(Source data)
# # # #

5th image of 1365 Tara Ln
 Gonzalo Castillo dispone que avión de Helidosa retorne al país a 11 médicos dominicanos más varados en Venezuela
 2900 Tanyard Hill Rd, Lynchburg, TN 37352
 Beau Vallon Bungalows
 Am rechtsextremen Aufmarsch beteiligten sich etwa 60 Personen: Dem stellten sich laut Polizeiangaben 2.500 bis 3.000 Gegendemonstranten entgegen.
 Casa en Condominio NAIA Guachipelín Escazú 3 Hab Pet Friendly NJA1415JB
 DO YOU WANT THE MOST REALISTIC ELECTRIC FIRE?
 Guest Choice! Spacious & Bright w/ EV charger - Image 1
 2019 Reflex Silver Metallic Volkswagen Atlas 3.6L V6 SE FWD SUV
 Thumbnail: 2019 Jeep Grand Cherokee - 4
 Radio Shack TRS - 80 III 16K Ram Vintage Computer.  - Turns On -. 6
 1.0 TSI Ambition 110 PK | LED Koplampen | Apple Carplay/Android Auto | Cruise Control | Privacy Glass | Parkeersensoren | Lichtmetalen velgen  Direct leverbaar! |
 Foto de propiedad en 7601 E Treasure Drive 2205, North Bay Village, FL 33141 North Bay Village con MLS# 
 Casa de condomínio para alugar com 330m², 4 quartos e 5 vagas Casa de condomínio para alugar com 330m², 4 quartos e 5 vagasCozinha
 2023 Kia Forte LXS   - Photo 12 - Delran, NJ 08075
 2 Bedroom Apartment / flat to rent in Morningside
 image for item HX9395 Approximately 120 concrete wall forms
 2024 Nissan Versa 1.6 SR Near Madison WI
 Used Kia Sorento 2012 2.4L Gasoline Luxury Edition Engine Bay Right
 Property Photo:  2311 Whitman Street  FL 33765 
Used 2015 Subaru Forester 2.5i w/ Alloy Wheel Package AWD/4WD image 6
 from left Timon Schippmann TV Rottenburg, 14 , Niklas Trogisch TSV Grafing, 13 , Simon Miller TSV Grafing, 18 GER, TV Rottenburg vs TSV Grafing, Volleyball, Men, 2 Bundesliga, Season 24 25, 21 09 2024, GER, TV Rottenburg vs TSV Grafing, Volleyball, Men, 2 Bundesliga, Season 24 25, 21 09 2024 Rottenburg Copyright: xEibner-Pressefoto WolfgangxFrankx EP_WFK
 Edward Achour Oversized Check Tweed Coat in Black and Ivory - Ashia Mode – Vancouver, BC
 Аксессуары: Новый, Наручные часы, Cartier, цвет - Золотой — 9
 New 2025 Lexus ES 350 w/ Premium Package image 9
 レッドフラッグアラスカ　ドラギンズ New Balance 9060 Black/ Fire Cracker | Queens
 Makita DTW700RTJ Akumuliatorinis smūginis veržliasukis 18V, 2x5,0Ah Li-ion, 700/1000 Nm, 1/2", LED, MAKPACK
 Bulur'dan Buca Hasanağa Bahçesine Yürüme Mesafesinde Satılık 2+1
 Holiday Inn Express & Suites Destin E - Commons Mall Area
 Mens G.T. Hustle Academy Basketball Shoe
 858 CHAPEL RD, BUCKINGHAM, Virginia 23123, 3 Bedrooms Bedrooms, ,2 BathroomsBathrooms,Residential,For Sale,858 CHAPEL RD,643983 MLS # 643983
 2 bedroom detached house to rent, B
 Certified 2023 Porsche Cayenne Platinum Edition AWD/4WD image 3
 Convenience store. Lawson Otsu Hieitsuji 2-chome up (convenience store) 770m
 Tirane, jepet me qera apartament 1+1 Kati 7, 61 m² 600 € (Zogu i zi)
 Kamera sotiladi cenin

# # # #

# Activity
When you reach the end of the data, write every line out again verbatim.

# Response
5th image of 1365 Tara Ln
 Gonzalo Castillo dispone que avión de Helidosa retorne al país a 11 médicos dominicanos más varados en Venezuela
 2900 Tanyard Hill Rd, Lynchburg, TN 37352
 Beau Vallon Bungalows
 Am rechtsextremen Aufmarsch beteiligten sich etwa 60 Personen: Dem stellten sich laut Polizeiangaben 2.500 bis 3.000 Gegendemonstranten entgegen.
 Casa en Condominio NAIA Guachipelín Escazú 3 Hab Pet Friendly NJA1415JB
 DO YOU WANT THE MOST REALISTIC ELECTRIC FIRE?
 Guest Choice! Spacious & Bright w/ EV charger - Image 1
 2019 Reflex Silver Metallic Volkswagen Atlas 3.6L V6 SE FWD SUV
 Thumbnail: 2019 Jeep Grand Cherokee - 4
 Radio Shack TRS - 80 III 16K Ram Vintage Computer.  - Turns On -. 6
 1.0 TSI Ambition 110 PK | LED Koplampen | Apple Carplay/Android Auto | Cruise Control | Privacy Glass | Parkeersensoren | Lichtmetalen velgen  Direct leverbaar! |
 Foto de propiedad en 7601 E Treasure Drive 2205, North Bay Village, FL 33141 North Bay Village con MLS# 
 Casa de condomínio para alugar com 330m², 4 quartos e 5 vagas Casa de condomínio para alugar com 330m², 4 quartos e 5 vagasCozinha
 2023 Kia Forte LXS   - Photo 12 - Delran, NJ 08075
 2 Bedroom Apartment / flat to rent in Morningside
 image for item HX9395 Approximately 120 concrete wall forms
 2024 Nissan Versa 1.6 SR Near Madison WI
 Used Kia Sorento 2012 2.4L Gasoline Luxury Edition Engine Bay Right
 Property Photo:  2311 Whitman Street  FL 33765 
Used 2015 Subaru Forester 2.5i w/ Alloy Wheel Package AWD/4WD image 6
 from left Timon Schippmann TV Rottenburg, 14 , Niklas Trogisch TSV Grafing, 13 , Simon Miller TSV Grafing, 18 GER, TV Rottenburg vs TSV Grafing, Volleyball, Men, 2 Bundesliga, Season 24 25, 21 09 2024, GER, TV Rottenburg vs TSV Grafing, Volleyball, Men, 2 Bundesliga, Season 24 25, 21 09 2024 Rottenburg Copyright: xEibner-Pressefoto WolfgangxFrankx EP_WFK
 Edward Achour Oversized Check Tweed Coat in Black and Ivory - Ashia Mode – Vancouver, BC
 Аксессуары: Новый, Наручные часы, Cartier, цвет - Золотой — 9
 New 2025 Lexus ES 350 w/ Premium Package image 9
 レッドフラッグアラスカ　ドラギンズ New Balance 9060 Black/ Fire Cracker | Queens
 Makita DTW700RTJ Akumuliatorinis smūginis veržliasukis 18V, 2x5,0Ah Li-ion, 700/1000 Nm, 1/2", LED, MAKPACK
 Bulur'dan Buca Hasanağa Bahçesine Yürüme Mesafesinde Satılık 2+1
 Holiday Inn Express & Suites Destin E - Commons Mall Area
 Mens G.T. Hustle Academy Basketball Shoe
 858 CHAPEL RD, BUCKINGHAM, Virginia 23123, 3 Bedrooms Bedrooms, ,2 BathroomsBathrooms,Residential,For Sale,858 CHAPEL RD,643983 MLS # 643983
 2 bedroom detached house to rent, B
 Certified 2023 Porsche Cayenne Platinum Edition AWD/4WD image 3
 Convenience store. Lawson Otsu Hieitsuji 2-chome up (convenience store) 770m
 Tirane, jepet me qera apartament 1+1 Kati 7, 61 m² 600 € (Zogu i zi)
 Kamera sotiladi cenin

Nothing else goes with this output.